## REQUIREMENT
Give the data back exactly. Leave out any images.

## COLLECTED DATA

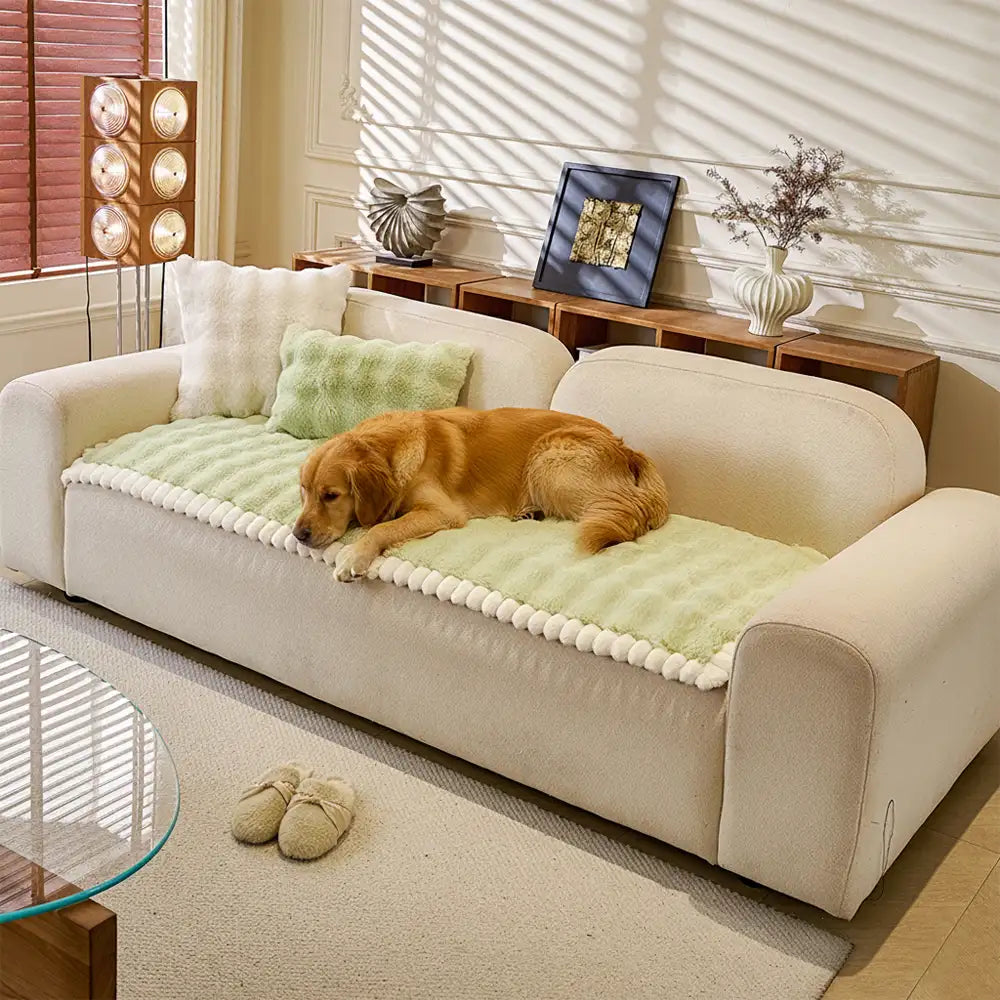 Copertura per divano in finta pelliccia di coniglio, morbida, spessa, antiscivolo e delicata sulla pelle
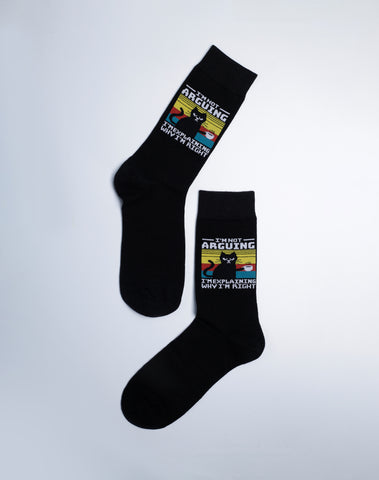 Men's I'm Not Arguing I'm Explaining Funny Cat Crew Socks - Cotton made Black Socks - Top 10 Best Animal Themed Socks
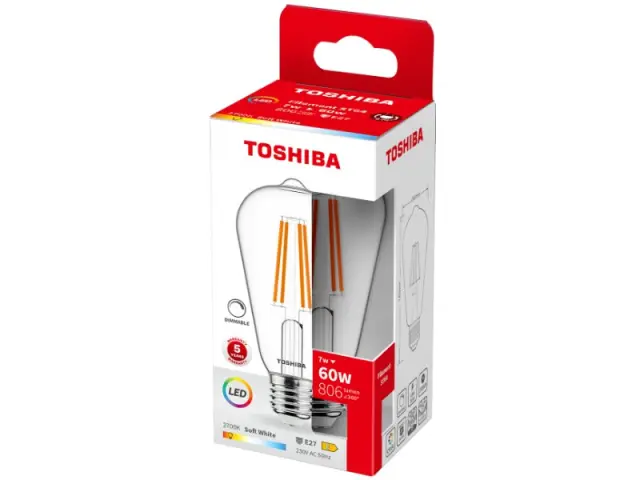 Toshiba LED Filament ST64 E27 7W 2700K Dimmable (DELS-STW400767DE11)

## FINAL ANSWER
 Copertura per divano in finta pelliccia di coniglio, morbida, spessa, antiscivolo e delicata sulla pelle
 Men's I'm Not Arguing I'm Explaining Funny Cat Crew Socks - Cotton made Black Socks - Top 10 Best Animal Themed Socks
 Toshiba LED Filament ST64 E27 7W 2700K Dimmable (DELS-STW400767DE11)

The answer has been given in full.